— Exercise aim —
From the line containing "100Pcs Cake Decorating" through the last line of the listing, output each line exactly as it stands. Omit pictures.

— Supplied records —
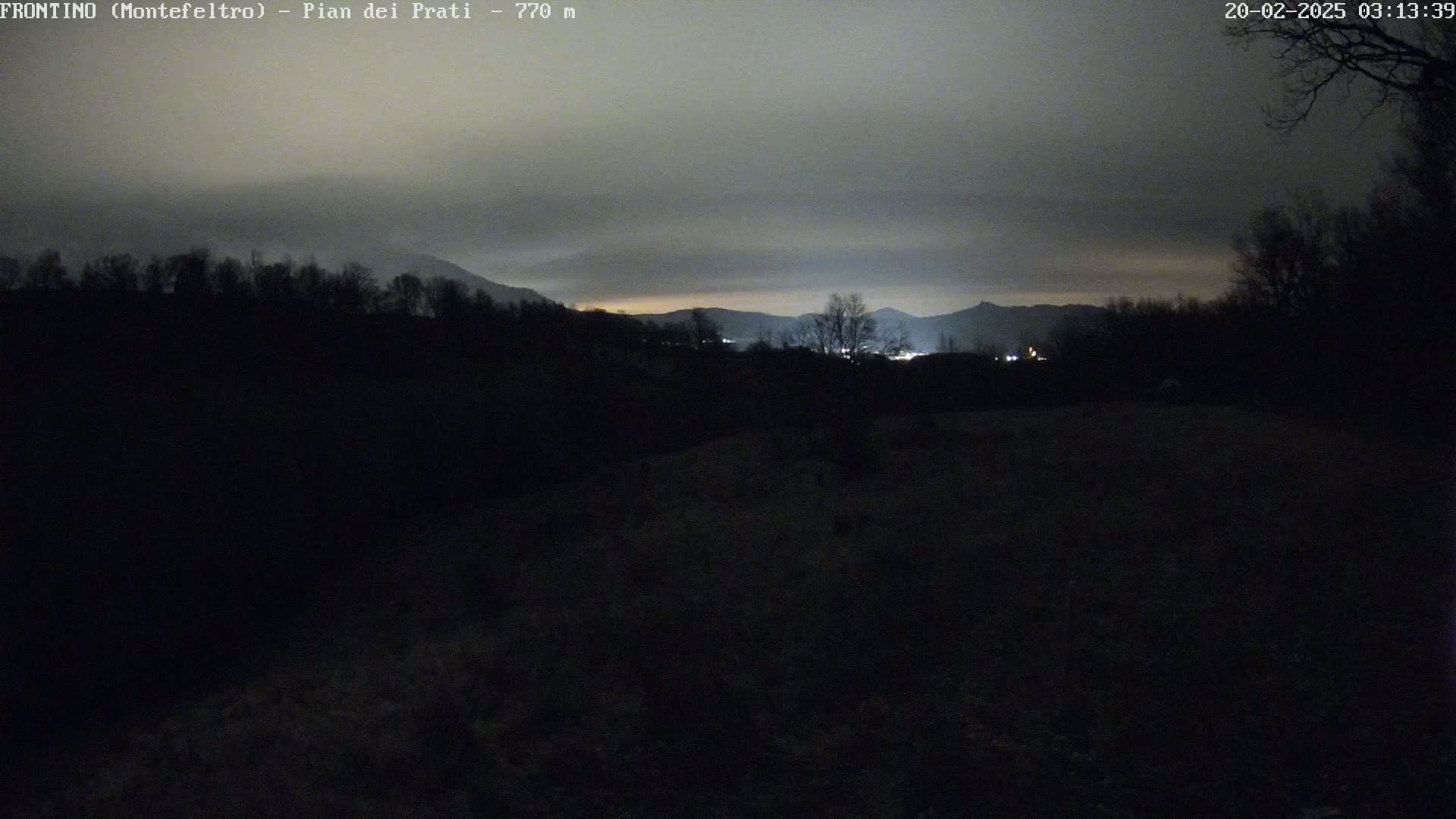 A dark, nighttime landscape shows silhouetted trees and hills under a cloudy sky, with a faint glow of light visible on the horizon.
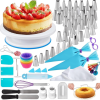 100Pcs Cake Decorating Supplies Kit - Cake Turntable Set with 48 Icing Piping Tips, 20 Disposable Pastry Bags, 2 Couplers, Baking Tools for Beginners,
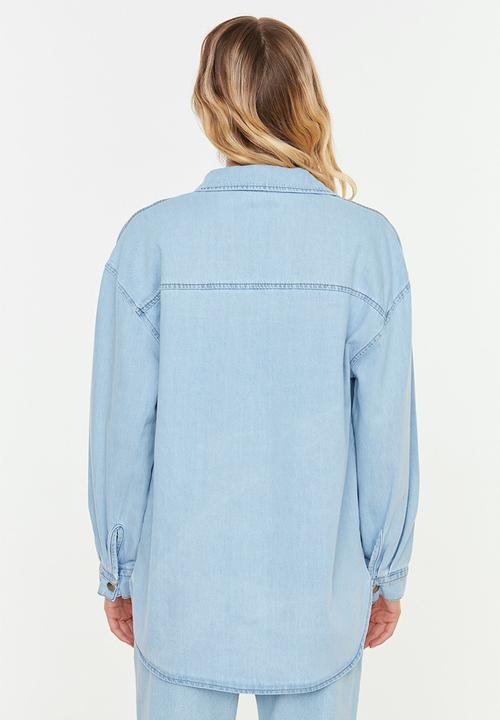 Trendyol - Basic denim shirt - blue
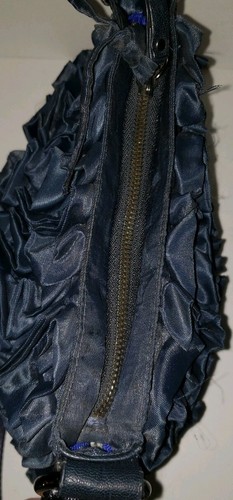 KENNETH COLE navy Blue Nylon Florette Flower Crossbody Slingbag Purse - Picture 4 of 7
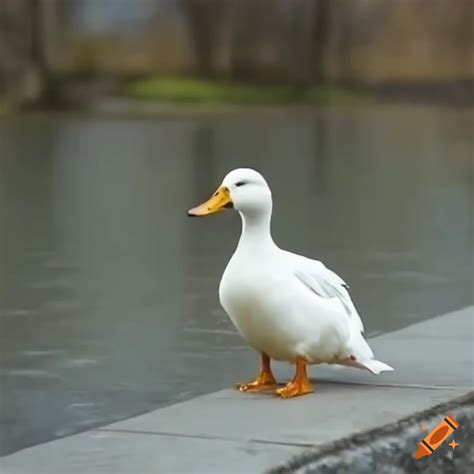 Realistic video of a white duck on a concrete sidewalk near a small ...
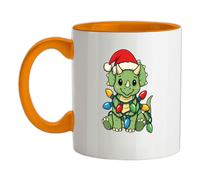 Triceratopo Luci di Natale - Tazza IN Ceramica - Dinosauro Carino Divertente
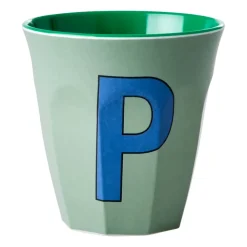 Taza melamina Rice mediana letra P 30 cl, Khaki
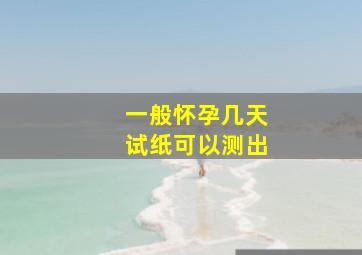 一般怀孕几天试纸可以测出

— Response —
 100Pcs Cake Decorating Supplies Kit - Cake Turntable Set with 48 Icing Piping Tips, 20 Disposable Pastry Bags, 2 Couplers, Baking Tools for Beginners,
 Trendyol - Basic denim shirt - blue
 KENNETH COLE navy Blue Nylon Florette Flower Crossbody Slingbag Purse - Picture 4 of 7
 Realistic video of a white duck on a concrete sidewalk near a small ...
 Triceratopo Luci di Natale - Tazza IN Ceramica - Dinosauro Carino Divertente
 Taza melamina Rice mediana letra P 30 cl, Khaki
 一般怀孕几天试纸可以测出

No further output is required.